Sin mucha acción destacada en los primeros minutos, aunque con bastante juego brusco por parte del local, a los 21 el Celeste tuvo la primera chance clara con un cabezazo del N°9 Ferreira que rechazó con lo justo el arquero Yair Bonnín. Instantes después, Madryn se salvó de la expulsión tras una patada temeraria de Diego Martínez a Lucas González que solo vio la amarilla. Después, por protestar, Sergio Ojeda vería la tarjeta en el conjunto cordobés.
Otra de las polémicas llegaría a los 29, cuando el delantero aurinegro Germán Rivero le metería un codazo en la cara al defensor Gonzalo Maffini, que no fue sancionado por el juez Facundo Tello.
A los 33, Deportivo Madryn tendría su primera chance clara con el cabezazo de Diego Crego, tras un centro del ex Boca Nazareno Solis, que se iría apenas por encima del travesaño. Más tarde, sobre el final del primer tiempo, Estudiantes tuvo una secuencia de tiros que de milagro no rompieron el cero y Diego Recalde vio la amarilla en Madryn por una dura entrada sobre Lucas Angelini.
Ya en el segundo tiempo, la necesidad de buscar el resultado hacía que el club chubutense atacase más, aunque sin efectividad. Eso cambiaría a los 65, cuando Luis Silba metería un verdadero golazo de tijera para ponerse arriba en el marcador y descontar en el global, cumpliendo además la ley del ex.
El envión anímico hizo que Madryn se convierta en el claro dominador de las acciones de juego, poniendo contra su arco a Estudias de Río Cuarto, que aguantaba como podía y se la jugaba con contras aisladas. En una ellas, Agustín Fontana aprovechó el resbalón del número 6 Gutiérrez, pero definió muy mal en el mano a mano con Bonnín.
Minutos más tarde el local, para fortuna del elenco celeste, se quedaría con 10, producto de la doble amarilla de Recalde por una infracción a Agustín Morales. Aprovechando la superioridad numérica, a los 85 el club cordobés empataría el encuentro gracias al tiro del propio Morales, que rebotó en dos jugadores rivales antes de meterse en el arco aurinegro, dejando la serie 3-1 a favor.
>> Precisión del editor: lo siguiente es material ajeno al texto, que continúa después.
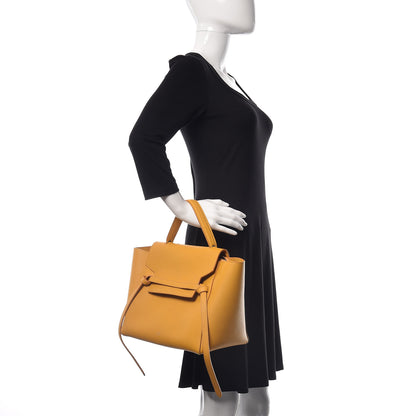 Celine Grained Calfskin Mini Belt Bag Imperial 2 of 13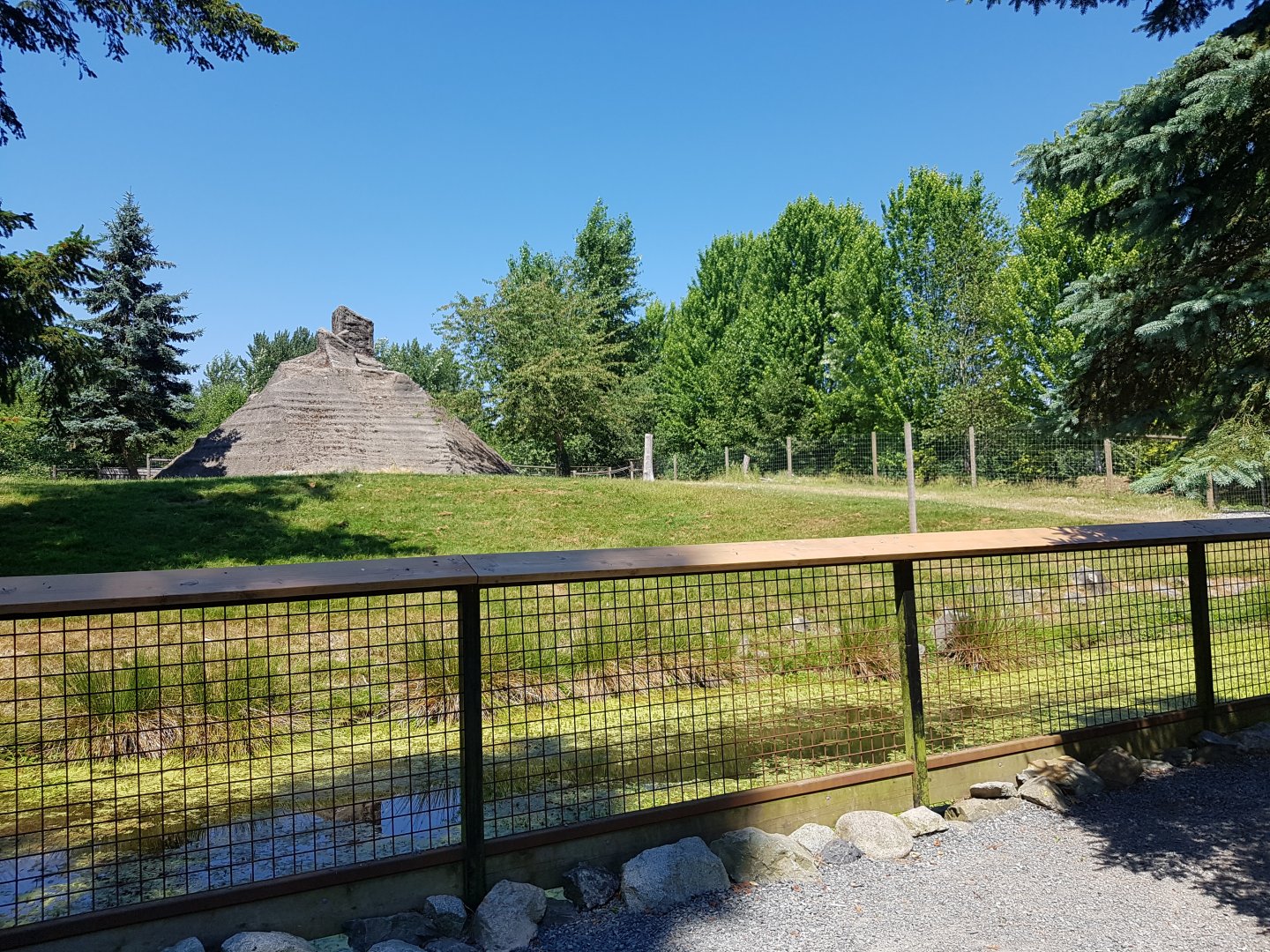 Mountain Goat Exhibit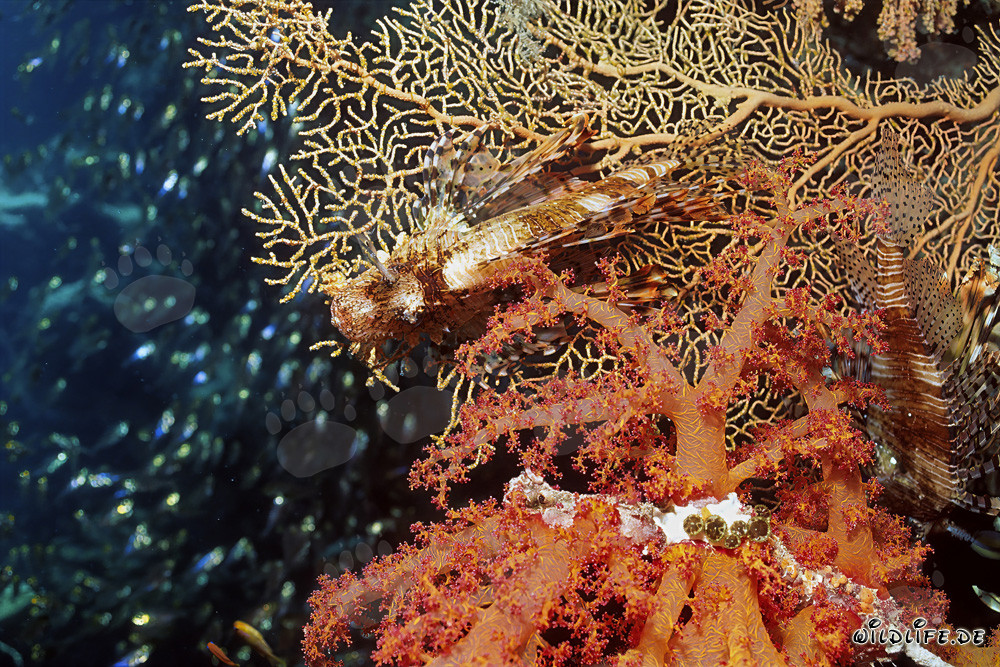 Affascinante corallo molle nel Mar Rosso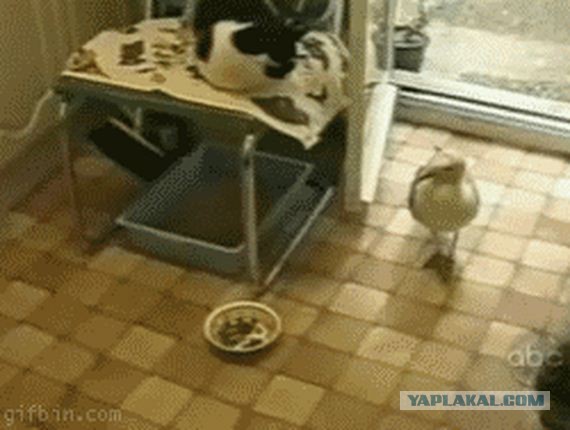 В большой семье хлебалом не щелкают!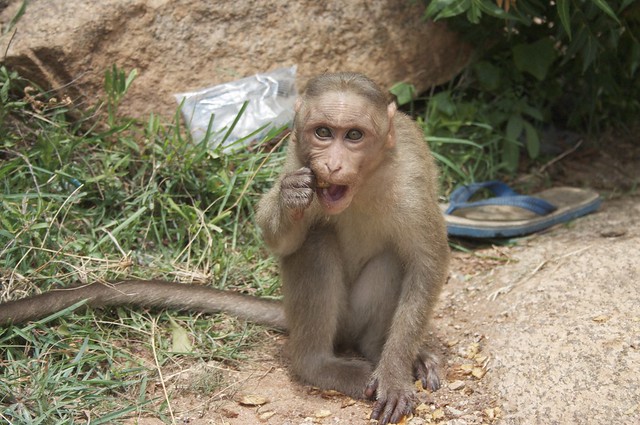Monkey!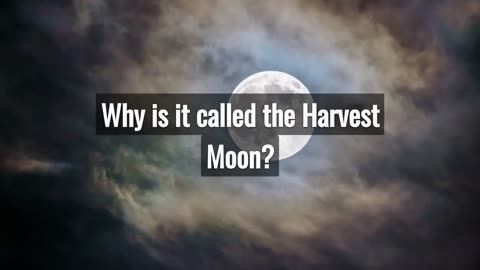 Harvest moon hits the skies this week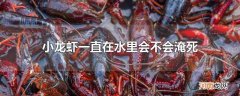 小龙虾一直在水里会不会淹死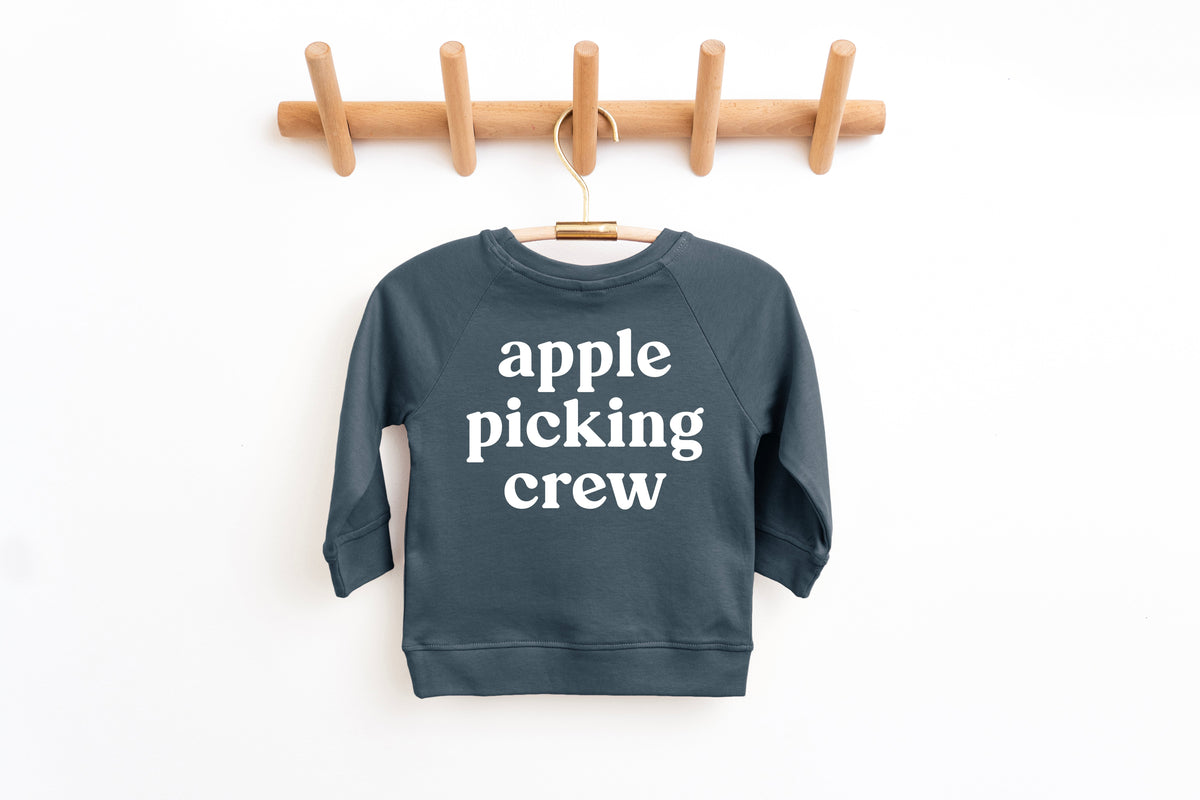 Organic Cotton Baby and Toddler Fall & Winter Pullover (3M to 6yrs)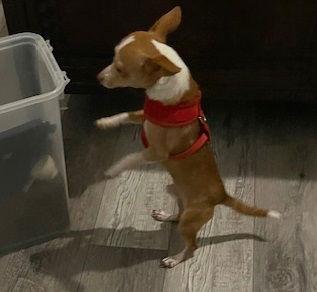 Enlarge Tony #macaroni, a Adopted Chihuahua in Houston, TX image 3/3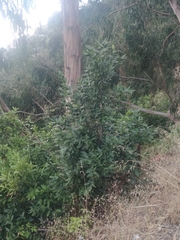 Laurus novocanariensis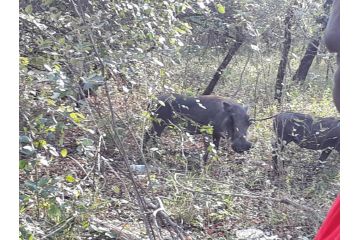 Nanisto Bush Lodge Hotel, Marloth Park - 3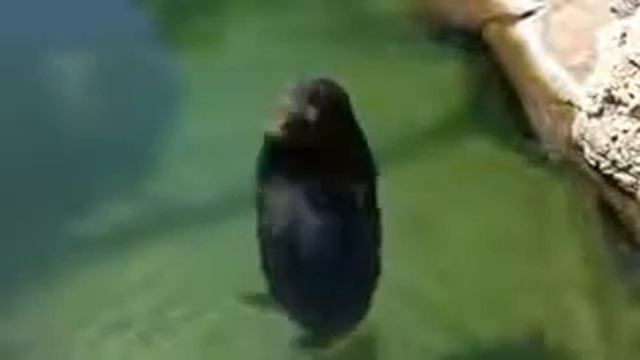 Довольный тюлень смотреть онлайн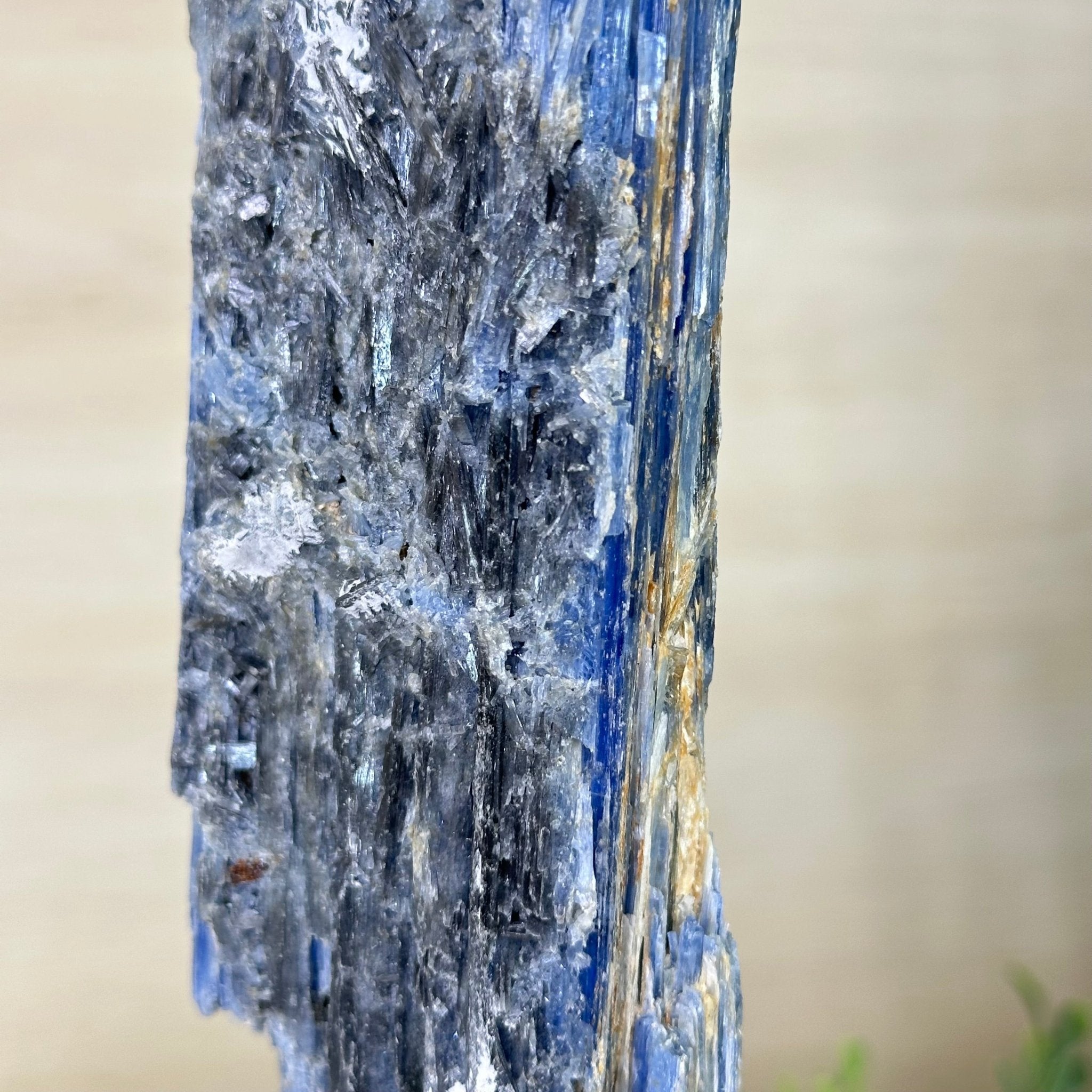 Kyanite Crystal on Metal Stand, 2.1 lbs & 12.1" Tall #6010 - 0009 - Brazil GemsBrazil GemsKyanite Crystal on Metal Stand, 2.1 lbs & 12.1" Tall #6010 - 0009Clusters on Fixed Bases6010 - 0009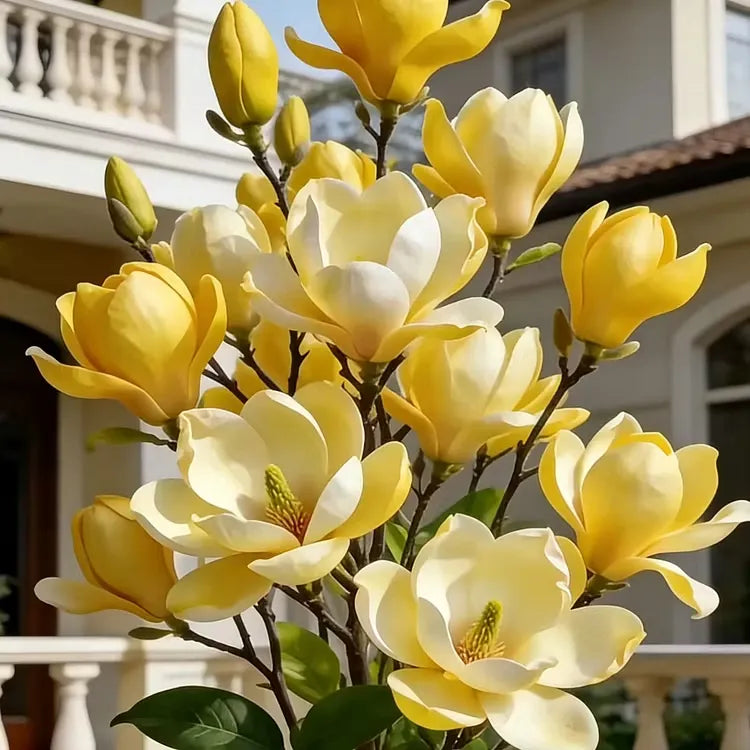 Magnolia liliiflora (Purple Orchids) Bulbs 🌸 Flowers Hide the Leaves, Fragrance Fills the Air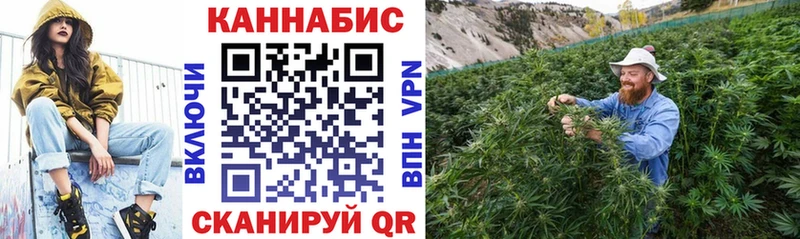 Конопля планчик  закладки  Бобров 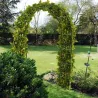 Arche de jardin noire pour plantes grimpantes 200 × 136 cm Atea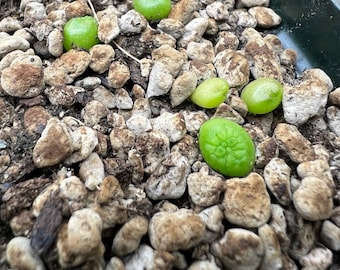 Pseudolithos Cubiformis Seeds - 5 count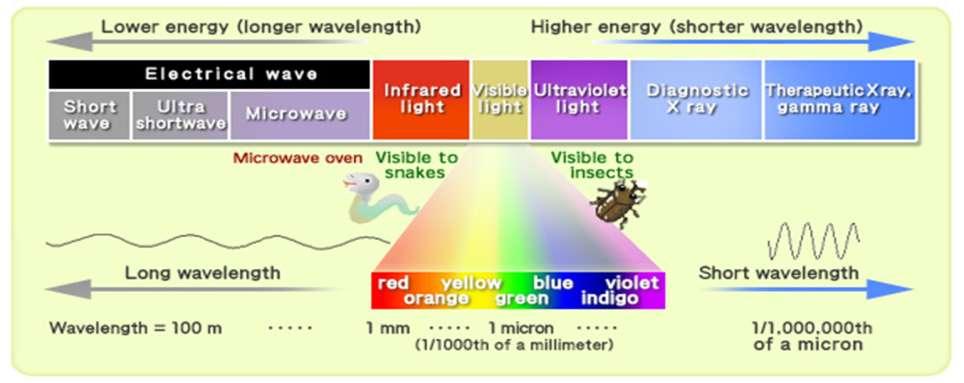 Frequency is inversely proportional to wavelength.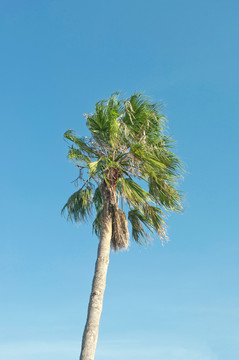 挺拔的椰树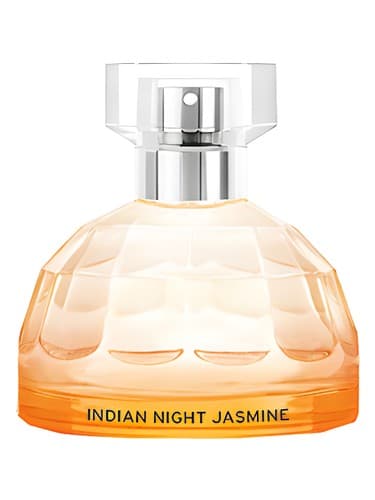 Indian Night Jasmine - ایندین نایت جاسمین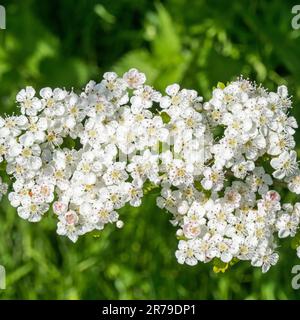Nahaufnahme der Blüte von weißem Weissdorn (Crataegus monogyna) und grünem Blattwerk, Mai, Vereinigtes Königreich. Stockfoto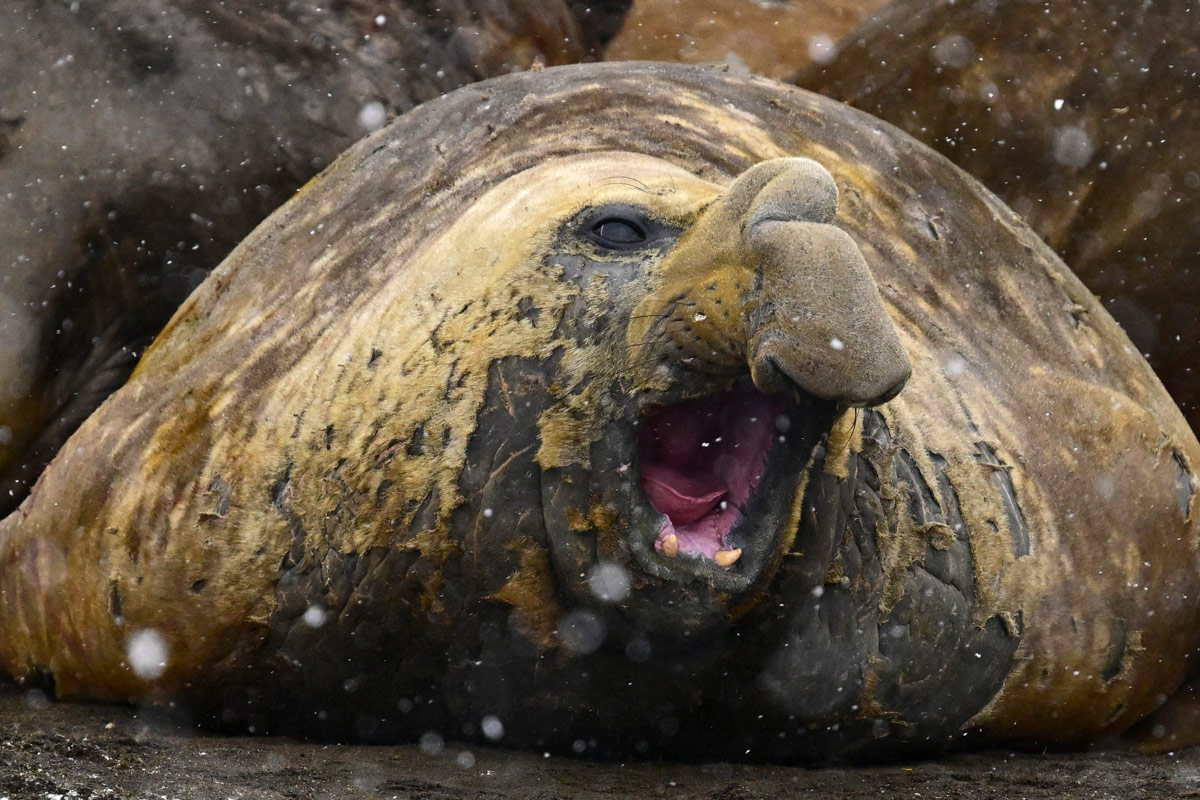 southern-elephant-seal-HannahPoint adult male Southern Elephant Seal on a beach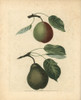 Pear Varieties  Pyrus Communis Poster Print By ® Florilegius / Mary Evans - Item # VARMEL10935708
Tras esto, en los minutos de descuento el partido se detuvo por incidentes en las tribunas, con piedrazos, rejas rotas e invasión de cancha, lo que obligó a Tello a darlo por finalizado. Las agresiones eran tales que Estudiantes de Río Cuarto no pudo festejar casi nada y tuvo que irse rápidamente al vestuario. Más allá de esta situación, el "León del Imperio" cumplió con su misión de conservar la diferencia y consiguió el ascenso a Primera División, categoría que no jugaba hace 40 años, y dejó en el camino a uno de los equipos más "secanucas" del Chiqui Tapia en el camino, que yo a esta instancia tras robarle descaradamente a Gimnasia de Jujuy y Deportivo Morón, entre otros.